Código de Ética do STF: Iniciativa Positiva com Eficácia Questionada

Código de Ética do STF: Iniciativa Positiva com Eficácia Questionada
A ministra Cármen Lúcia será a relatora do Código de Ética da Corte- Foto: Marcelo Camargo/Agência Brasil

No início do ano judiciário, os ministros Cármen Lúcia e Edson Fachin do STF manifestam apoio à criação de um código de ética para a Corte, considerado por especialistas como uma proposta positiva. No entanto, a efetividade desse código depende da ampliação das recomendações já anunciadas por Cármen aos juízes eleitorais.

A participação de representantes externos em uma comissão que avalie a conduta dos juízes e a definição de um período de quarentena para aqueles que deixam o tribunal são algumas das sugestões de especialistas.
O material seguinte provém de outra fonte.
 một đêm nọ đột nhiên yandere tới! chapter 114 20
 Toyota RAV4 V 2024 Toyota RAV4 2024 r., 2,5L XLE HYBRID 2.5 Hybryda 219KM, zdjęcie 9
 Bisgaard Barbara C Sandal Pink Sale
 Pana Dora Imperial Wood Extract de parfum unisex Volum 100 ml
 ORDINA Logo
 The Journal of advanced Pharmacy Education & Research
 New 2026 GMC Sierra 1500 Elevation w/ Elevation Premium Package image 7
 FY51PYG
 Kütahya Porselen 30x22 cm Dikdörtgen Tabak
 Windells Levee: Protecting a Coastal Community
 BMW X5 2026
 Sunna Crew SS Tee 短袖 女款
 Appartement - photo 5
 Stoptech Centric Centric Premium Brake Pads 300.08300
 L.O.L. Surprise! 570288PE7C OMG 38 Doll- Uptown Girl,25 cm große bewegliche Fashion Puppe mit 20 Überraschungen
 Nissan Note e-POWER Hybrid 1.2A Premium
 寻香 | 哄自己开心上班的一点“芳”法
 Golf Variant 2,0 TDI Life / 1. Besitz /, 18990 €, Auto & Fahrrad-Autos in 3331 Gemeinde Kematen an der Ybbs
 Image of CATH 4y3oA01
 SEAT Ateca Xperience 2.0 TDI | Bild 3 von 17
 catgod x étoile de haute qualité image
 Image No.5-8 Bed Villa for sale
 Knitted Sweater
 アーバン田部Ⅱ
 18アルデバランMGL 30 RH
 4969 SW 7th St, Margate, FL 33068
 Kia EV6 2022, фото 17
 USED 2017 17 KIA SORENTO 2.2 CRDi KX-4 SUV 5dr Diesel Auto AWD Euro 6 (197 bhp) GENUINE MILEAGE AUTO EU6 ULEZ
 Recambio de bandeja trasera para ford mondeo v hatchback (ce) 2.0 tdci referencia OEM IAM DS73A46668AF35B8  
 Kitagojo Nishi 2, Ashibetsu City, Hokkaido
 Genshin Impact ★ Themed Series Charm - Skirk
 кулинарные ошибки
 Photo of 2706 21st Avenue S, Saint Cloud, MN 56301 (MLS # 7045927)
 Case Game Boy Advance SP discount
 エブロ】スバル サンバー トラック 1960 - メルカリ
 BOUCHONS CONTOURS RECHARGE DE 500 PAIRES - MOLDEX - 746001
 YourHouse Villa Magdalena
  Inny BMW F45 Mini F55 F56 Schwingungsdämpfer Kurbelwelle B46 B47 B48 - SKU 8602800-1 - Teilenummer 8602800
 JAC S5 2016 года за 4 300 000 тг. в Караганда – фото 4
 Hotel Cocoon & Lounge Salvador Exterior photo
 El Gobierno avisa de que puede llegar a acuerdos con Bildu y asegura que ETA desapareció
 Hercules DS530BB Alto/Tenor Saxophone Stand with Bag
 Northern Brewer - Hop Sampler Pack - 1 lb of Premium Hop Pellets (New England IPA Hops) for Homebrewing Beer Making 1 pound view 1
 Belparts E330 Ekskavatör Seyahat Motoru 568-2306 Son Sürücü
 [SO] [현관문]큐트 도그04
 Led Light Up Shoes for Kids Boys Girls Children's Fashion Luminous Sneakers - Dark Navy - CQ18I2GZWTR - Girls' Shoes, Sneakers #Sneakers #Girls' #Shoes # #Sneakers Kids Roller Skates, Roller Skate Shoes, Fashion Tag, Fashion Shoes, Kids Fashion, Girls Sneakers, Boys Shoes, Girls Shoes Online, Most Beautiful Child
Fachin reitera a relevância do código, classificando este esforço como um “momento histórico de autocorreção”, embora a proposta enfrente resistência de alguns ministros. Contemporaneamente, Cármen Lúcia, à frente do TSE, divulgou propostas de conduta que incluem a publicidade de audiências e a proibição de manifestações políticas.

A diretora-executiva da Transparência Brasil, Juliana Sakai, elogia as recomendações de Cármen, mas ressalta que elas devem ser mais detalhadas, especialmente sobre a transparência em audiências.

A situação demanda uma estrutura clara sobre quando um ministro pode participar de empreendimentos econômicos e garantir a transparência desde a nomeação.

Além disso, professor Álvaro Palma de Jorge se mostra favorável à escolha de Cármen como relatora, apelando para a distância dela em meio às práticas políticas contemporâneas.

Entre os desafios, o professor Oscar Vilhena destaca a necessidade de lidar com conflitos de interesse e a atuação após a saída do tribunal. A OAB-SP, por sua vez, sugere que os ex-ministros aguardem três anos antes de atuar na advocacia, um ponto que não figurou nas recomendações de Cármen.